Instructions for the task
Repeat the data word for word and skip the pictures.

===

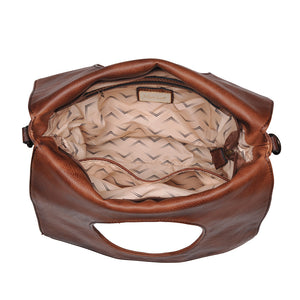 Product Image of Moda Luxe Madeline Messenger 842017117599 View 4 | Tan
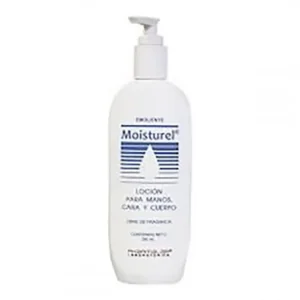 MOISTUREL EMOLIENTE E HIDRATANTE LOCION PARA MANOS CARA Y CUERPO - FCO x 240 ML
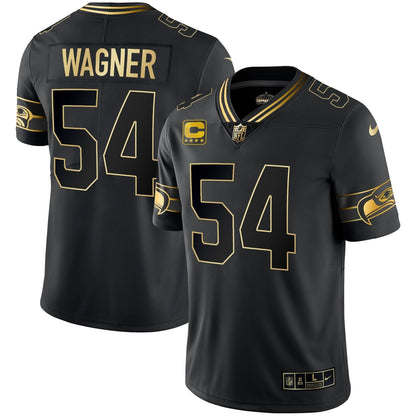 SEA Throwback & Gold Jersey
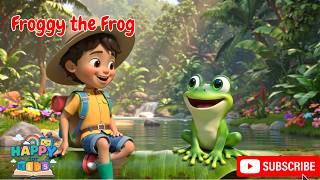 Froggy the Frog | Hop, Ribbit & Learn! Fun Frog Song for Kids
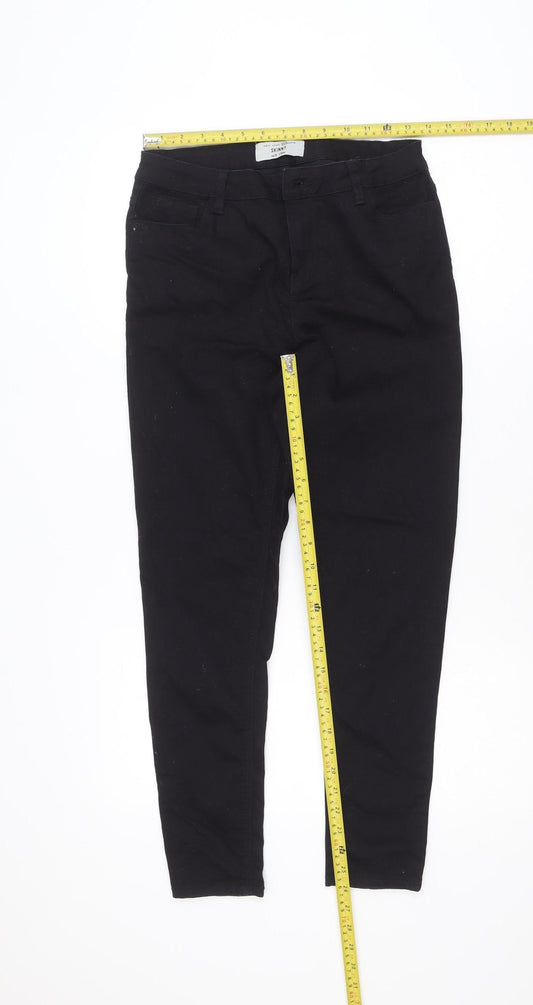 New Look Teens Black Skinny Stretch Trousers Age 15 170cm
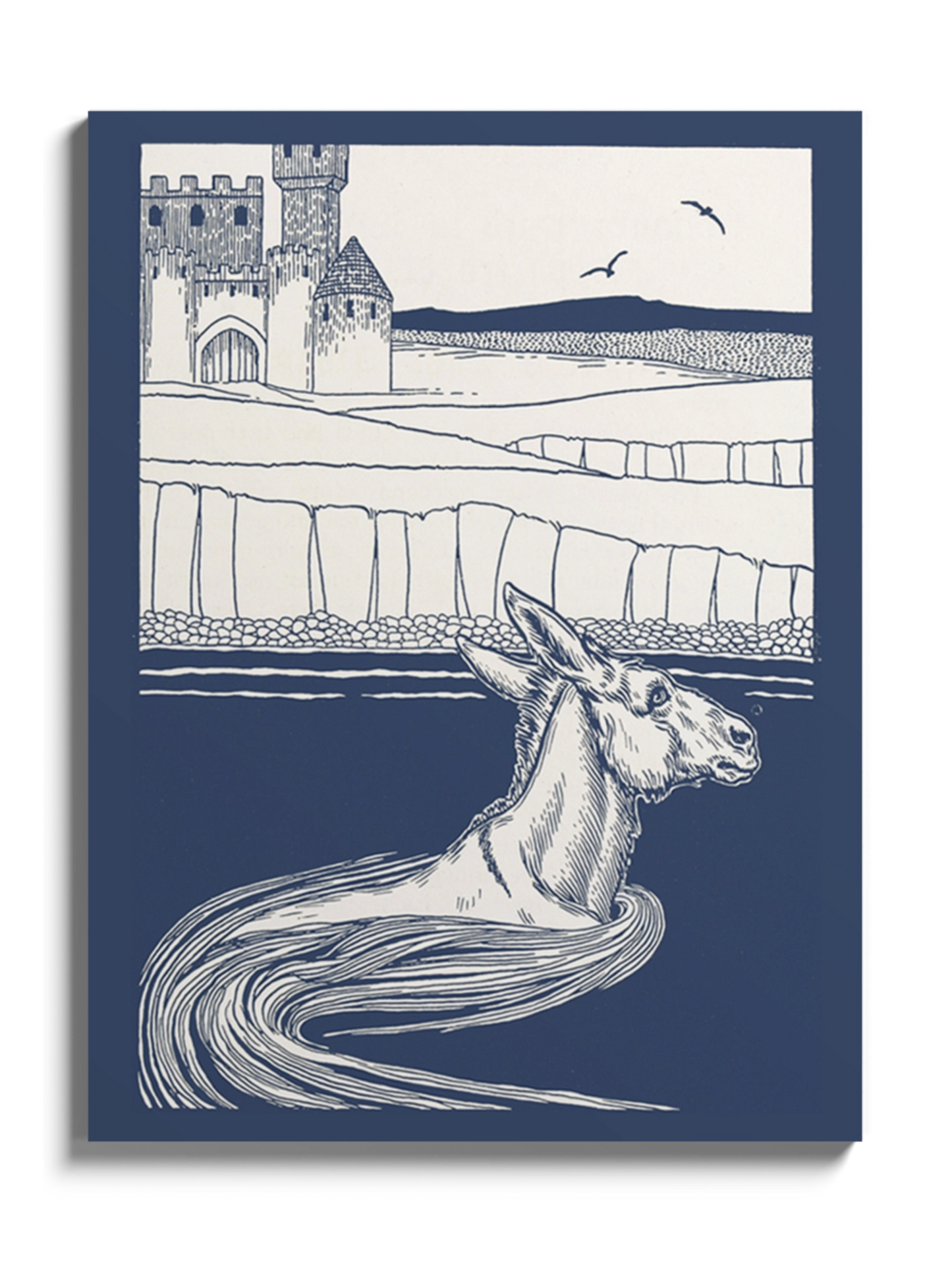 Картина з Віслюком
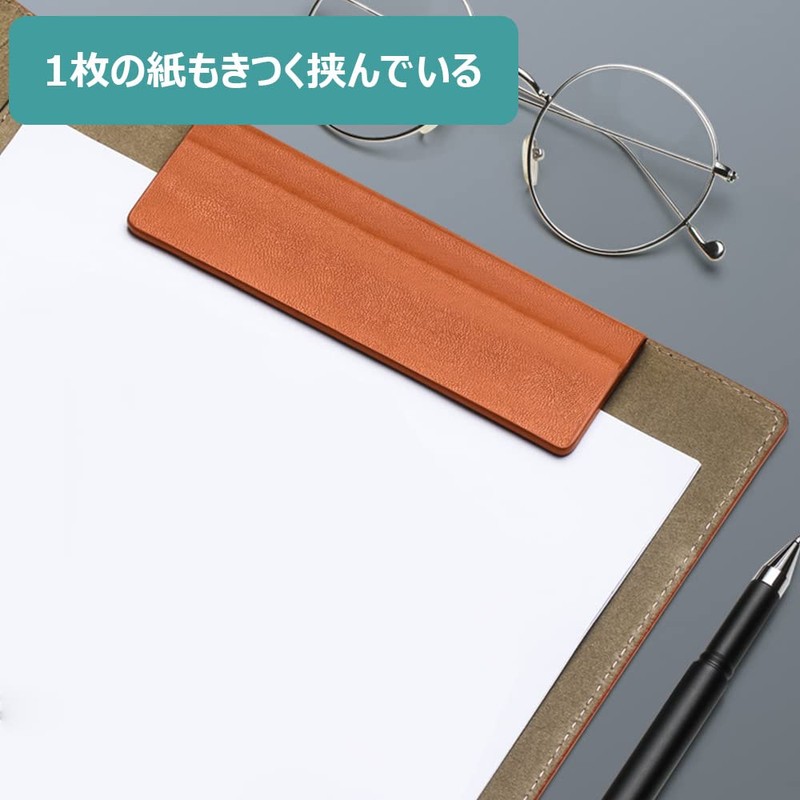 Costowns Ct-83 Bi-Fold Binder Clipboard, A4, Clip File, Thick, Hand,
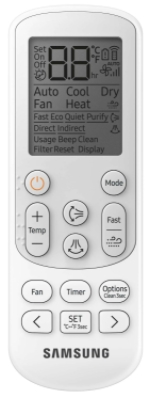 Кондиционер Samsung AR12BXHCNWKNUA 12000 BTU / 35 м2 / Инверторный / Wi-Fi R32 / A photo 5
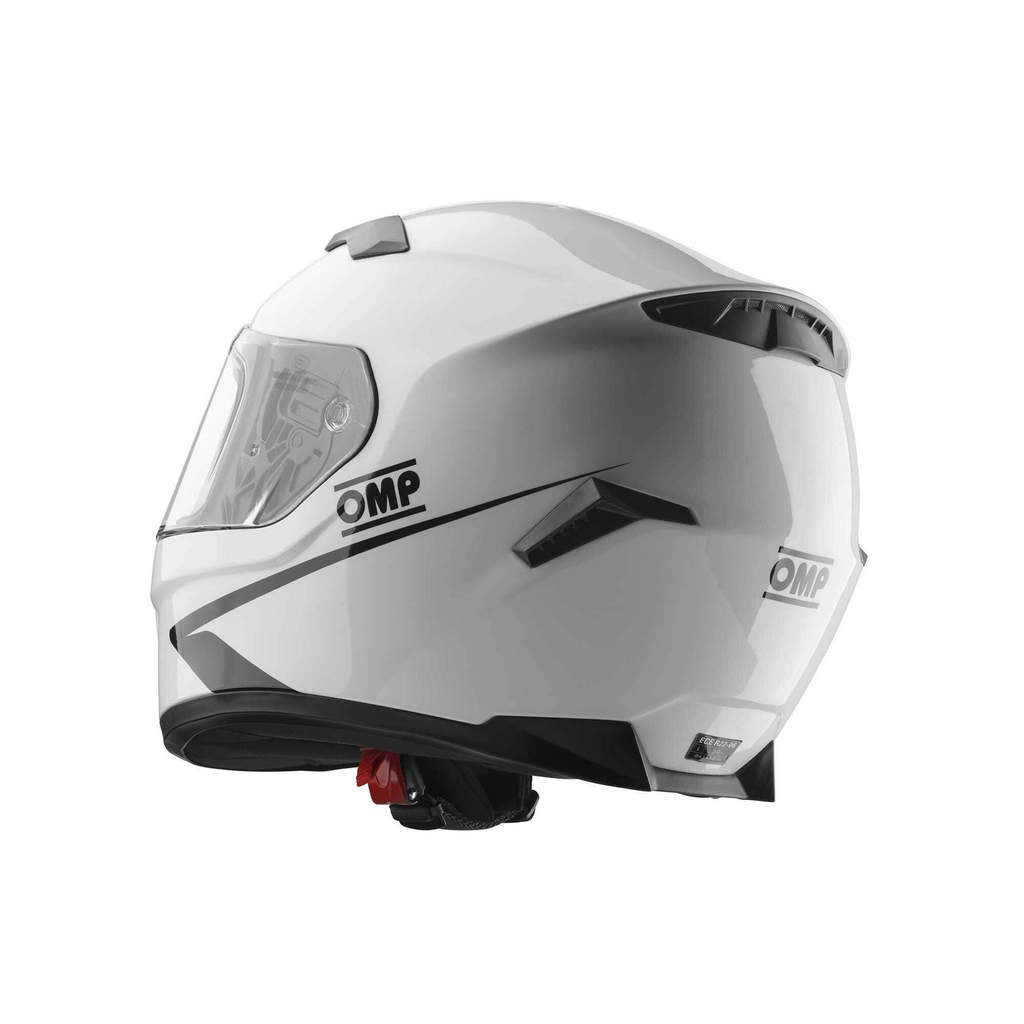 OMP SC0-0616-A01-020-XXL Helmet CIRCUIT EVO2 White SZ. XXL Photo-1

===

Exercise solution
 Product Image of Moda Luxe Madeline Messenger 842017117599 View 4 | Tan
 MOISTUREL EMOLIENTE E HIDRATANTE LOCION PARA MANOS CARA Y CUERPO - FCO x 240 ML
 SEA Throwback & Gold Jersey
 Froggy the Frog | Hop, Ribbit & Learn! Fun Frog Song for Kids
 New Look Teens Black Skinny Stretch Trousers Age 15 170cm
 Картина з Віслюком
 Costowns Ct-83 Bi-Fold Binder Clipboard, A4, Clip File, Thick, Hand,
 Кондиционер Samsung AR12BXHCNWKNUA 12000 BTU / 35 м2 / Инверторный / Wi-Fi R32 / A photo 5
 OMP SC0-0616-A01-020-XXL Helmet CIRCUIT EVO2 White SZ. XXL Photo-1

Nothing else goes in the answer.